Gesturing to Barré-Sinoussi and other HIV experts on the panel, Fauci added, “I don’t think that anybody on this table can tell you that we will have a cure for HIV. But what you’re witnessing on this stage is a commitment to attempting this challenge.”

The efforts going into finding a cure for HIV, despite the immense challenges, do not go unnoticed by the people to whom it matters most.

“You don’t get thanked enough for this long slog you’re going through,” Steinkohl told researchers gathered in Seattle.

‘We absolutely want to hear your ideas’

Other immunotherapy approaches discussed at the Durban conference included the use of checkpoint inhibitors, which block a mechanism that cancer cells use to shut down the immune system. Drugs developed to “unblock” these inhibitors have now been licensed for use against advanced melanoma. Several observational trials are underway of patients with both HIV and melanoma who are receiving such drugs, according to the University of Melbourne’s Dr. Sharon Lewin, who co-chaired the Durban cure symposiumwith Barré-Sinoussi.

Dr. Chris Peterson presents his research at AIDS two thousand sixteen conference in Durban, South Africa. A photo of “Berlin patient” Timothy Ray Brown is projected on the screen behind him.

Photo by Robert Rubber hood / Fred Hutch News Service

Also in Durban and again in Seattle, Fred Hutch’s Dr. Chris Peterson, a staff scientist in Kiem’s lab, reported on successful efforts in preclinical models to modify blood stem cells using a gene- editing technology that employs molecules called zinc-finger nucleases and comeback the resistant stem cells to repopulate the immune system. His work is part of an effort to use Brown’s cure as a blueprint for developing a less-toxic therapy by seeking to genetically engineer resistance in an infected person’s own immune cells.

“We’re attempting to make the case of Timothy Ray Brown more applicable to more people,” Peterson said.

That’s what Dr. Rowena Johnston, vice president of amfAR, the Foundation for AIDS Research, wished to hear. She told conference attendees that her group plans to spend $100 million over the next five years to develop a scientific basis for an HIV cure.

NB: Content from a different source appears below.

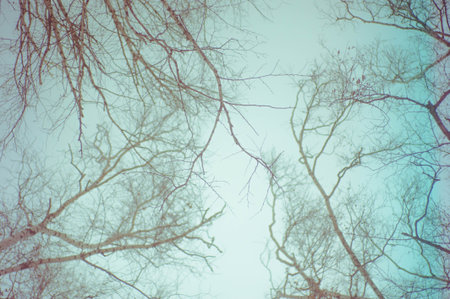 abstract bare branches against the sky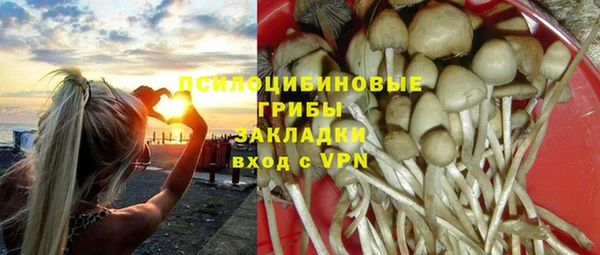 альфа пвп Вяземский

AmfAR, co-founded by actor and AIDS activist Elizabeth Taylor and one of the very first non-government funders of HIV research, was the very first to appreciate the importance of a scientific poster introduced at a two thousand eight conference to little notice by other researchers, scientific journals or the popular press. It was the very first public report of Brown, then known only as “the Berlin patient.”

“My aim is to go back to amfAR with at least five solid ideas that we want to work on,” Johnston told the auditorium total of scientists, postdocs and graduate students. “We absolutely want to hear your ideas.”